Rhys Crane
- Birth name: Rhys Crane
- Date of birth: 14 October 1985 (age 39)
- Place of birth: Wolverhampton, England
- Height: 1.85 m (6 ft 1 in)
- Weight: 95 kg (14 st 13 lb)

Rugby union career
- Position(s): Wing
- Current team: London Welsh

Senior career
- Years: Team / Apps / (Points)
- Bath Rugby / 4 / (0)
- Sale Sharks / 6 / (15)
- 2011–2013: Nottingham /  / ()
- 2013-: London Welsh /  / ()

= Rhys Crane =

English rugby union player

Rhys Crane (born 14 October 1985 in Wolverhampton) is a former rugby union player for London Welsh, who plays at wing. He joined Bath after completing a degree in Sports and Exercise Science at Cardiff University.

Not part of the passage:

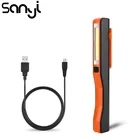 SANY USB Перезаряжаемый COB светодиодный фонарик Работа фонарик для осмотра Карманный магнитный зажим удобный фонарь для кемпинга работа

Crane made quite an impression during Bath's pre-season friendly against Ulster in August 2008 by scoring three tries and he went on to save the EDF Energy Cup game against Sale Sharks in October 2008 with a last-ditch tackle in the corner that prevented the Sharks from scoring a winning try.

On 31 May 2013, Crane signed for London Welsh in the RFU Championship for 2013/14 season.

Following London Welsh's administration, Crane became the Director of Rugby at Tonbridge School, where he still works.